> Exercise requirements
Reproduce exactly the lines below, starting at the line that contains "Rice Kulturan Slatkovodni" and ending with the last line of the records, both included; leave out any pictures.

> Provided records
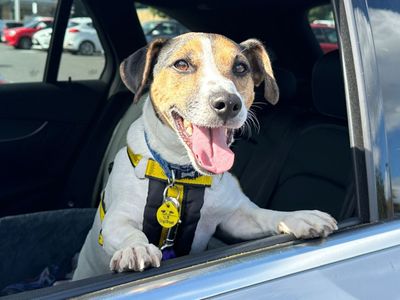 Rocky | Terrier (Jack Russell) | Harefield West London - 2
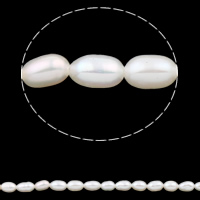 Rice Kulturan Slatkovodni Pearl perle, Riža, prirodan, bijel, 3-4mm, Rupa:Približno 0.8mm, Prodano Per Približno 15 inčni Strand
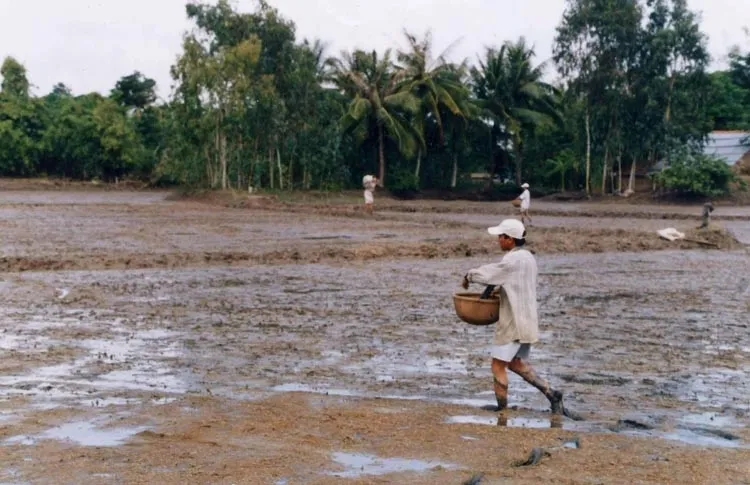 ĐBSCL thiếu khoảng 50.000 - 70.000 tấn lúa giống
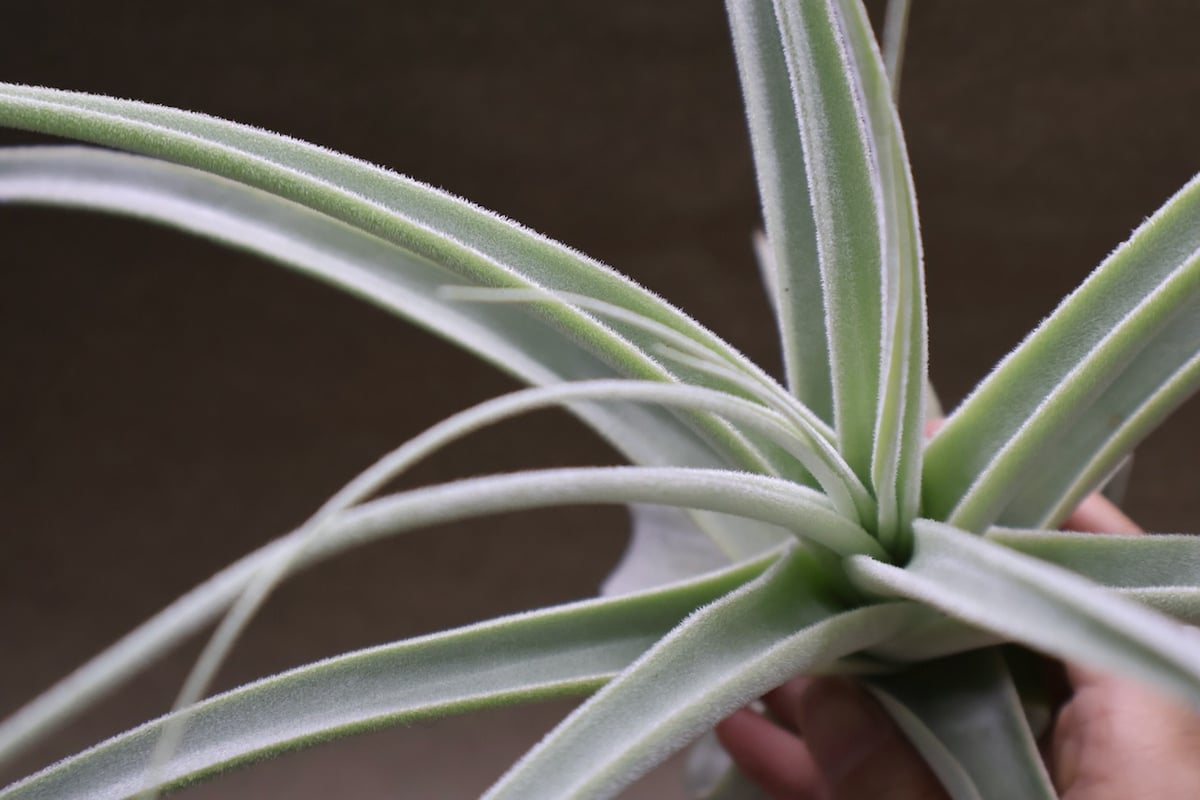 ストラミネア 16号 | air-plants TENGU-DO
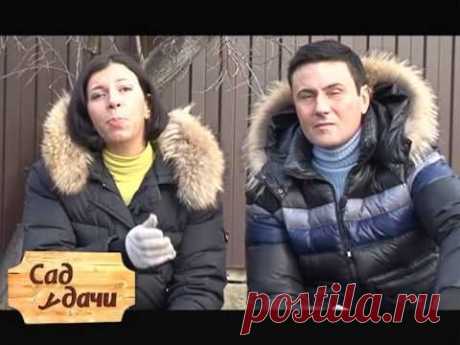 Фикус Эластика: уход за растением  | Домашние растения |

> Answer space
 Rice Kulturan Slatkovodni Pearl perle, Riža, prirodan, bijel, 3-4mm, Rupa:Približno 0.8mm, Prodano Per Približno 15 inčni Strand
 ĐBSCL thiếu khoảng 50.000 - 70.000 tấn lúa giống
 ストラミネア 16号 | air-plants TENGU-DO
 Фикус Эластика: уход за растением  | Домашние растения |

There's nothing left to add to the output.